Trump’s entry in the building will likely trigger renewed sadness for some agency bureaucrats who were reportedly in tears after Trump won the election.
In February, sources speaking to Inside EPA suggested that demoralized employees would be unlikely to attend an event with Trump and Pruitt, as they were deeply dissatisfied over the administration’s proposed changes the agency. Trump’s budget outline, released earlier this month, threatened to slash the department’s funding by 31 percent. The executive order will not only order a review of the Clean Power Plan but also change Obama-era executive orders on climate change and carbon emissions regulations, a dramatic change from Obama’s legacy that prioritized a regulatory agenda.
But Pruitt feels energized by the president’s visit, kicking off a set of new priorities for the agency that he believes lost its way in the Obama years. As Trump’s EPA administrator, Prutt will also sign a series of rules and procedures during the president’s visit to reform the agency.
Rescinding the Clean Power Plan, Pruitt explained was “a snapshot of the future” of how the Trump administration would approach regulatory reform.
Under the Obama administration, Pruitt said that the oil, coal, and natural gas industries were under federal “regulatory assault,” which killed energy jobs around the country.
“I think the greatest impediment we’ve had on economic growth is regulatory uncertainty,” he said. Trump, he explained, understood that the regulatory process had become so tangled that it was difficult for companies to invest and grow.
Pruitt’s philosophy is an example of the Trump administration’s goal to dismantle the federal government’s overbearing bureaucracy, for the sake of boosting economic growth.
“We have situations here, and this is not just unique to the EPA, it’s other agencies at the federal level as well that do permitting, where it takes eight or nine years to get a permit to do something,” he said. “Well that’s not a decision, that’s obstructionism.”
Pruitt explained that he wanted to restore confidence among businesses and workers in the energy industry, particularly in coal, natural gas, and oil.

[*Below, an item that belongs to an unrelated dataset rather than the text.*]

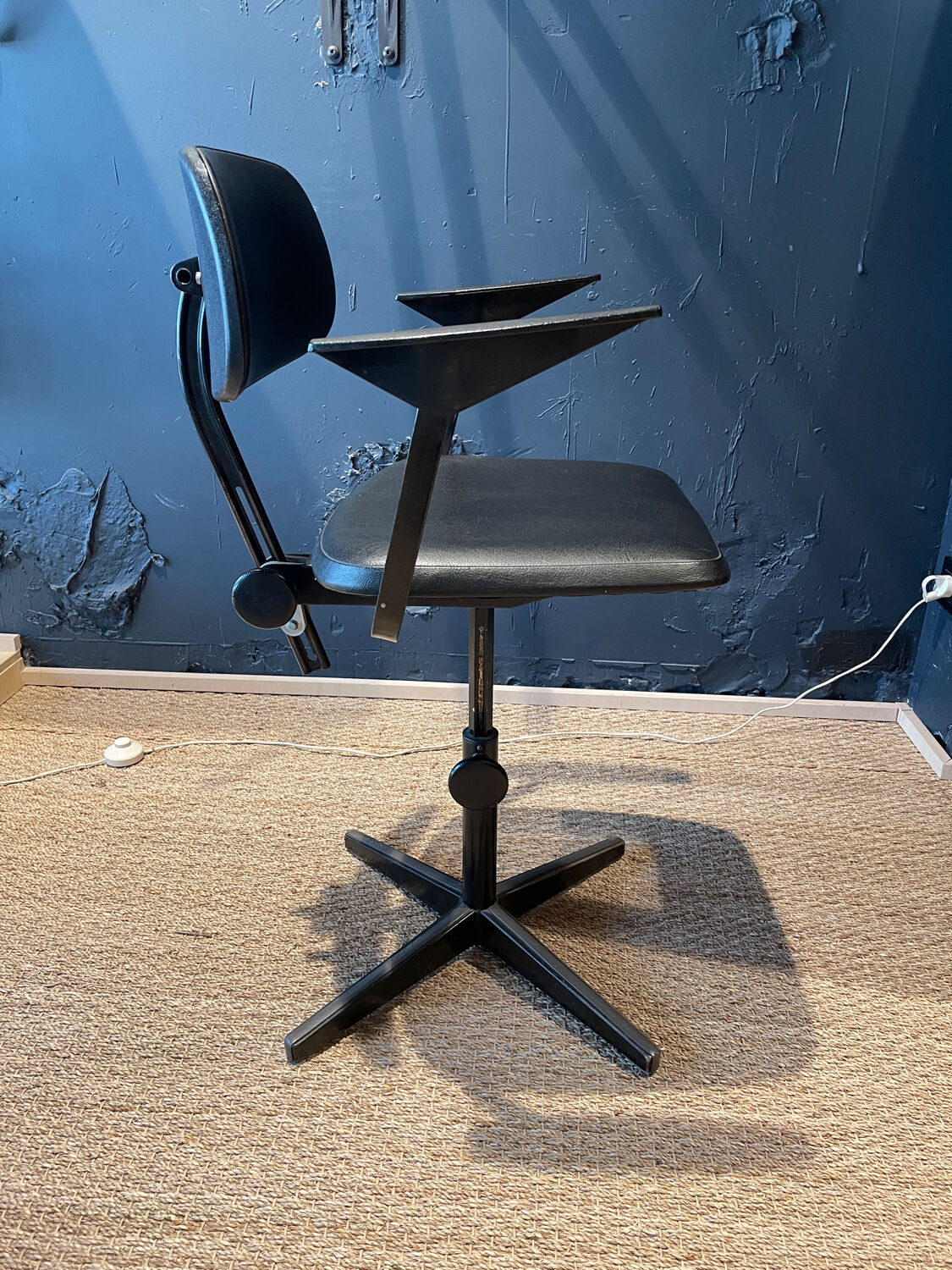 Height adjustable office chair Ahrend by Cirkel year 70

“Agencies at the federal level are part of the executive branch, they exist to enforce the law, not make the law,” he said.
Pruitt describes his philosophy as “EPA originalism.” Part of his goal, he said, was to re-focus the agency toward Congress’s original authorities. That’s sending a different message to the industries regulated by the EPA.
“I can just tell you there’s buoyancy, buoyancy across the country that there’s a different attitude, a different belief, a different view,” Pruitt said. “We can be both pro-growth and pro-environment, we’ve done it as a country throughout our existence.”
Some of the rules passed by the Obama administration, Pruitt said, actually hurt the agency as they that were “untethered” to the legal statutes, often at the behest of well funded environmental groups that donated to Democrats. Some of those efforts were halted in court, creating more uncertainty about the agency’s authority.
“When you look at the outcome of that kind of agenda, it was detrimental,” he said.
As the Attorney General of Oklahoma, Pruitt led the legal charge against the EPA, arguing that the agency was overstepping it’s authorities. He sued the agency 13 different times, putting many of the Obama-era rules in legal deadlock.
Pruitt also has a reputation of challenging environmentalist priorities like climate change, but his critics told Breitbart News columnist James Delingpole that repealing the EPA’s Endangerment Finding on CO2 emissions were not included in the Trump’s executive order. Pruitt confirmed to Breitbart News that the executive order would not repeal the EPA’s Endangerment finding, but he appeared open to addressing it in the future.
“I think that if there are petitions for reconsideration for the endangering findings, we’ll have to address those at some point,” he said. “I don’t know if they’ve actually been filed in that regard, but our objective, and our role is to do what the law requires.”
Pruitt believes that the agency should return its focus to tackling big environmental cleanup projects.
Part of restoring the EPA’s original mission, he explained, was refocusing the agency on the 1300 hazardous “superfund sites” designated by the agency as priority areas for cleanup.
“Many of those sites … on this national priority list have been on that list for 30-40 years, that doesn’t sound like a priority list to me,” he said. He cited the Port of Portland in the state of Oregon and the mining cleanup in Butte, Montana as two examples of designated “superfund” agencies that need renewed attention.
“We need to get busy with some new ways to address those,” Pruitt said.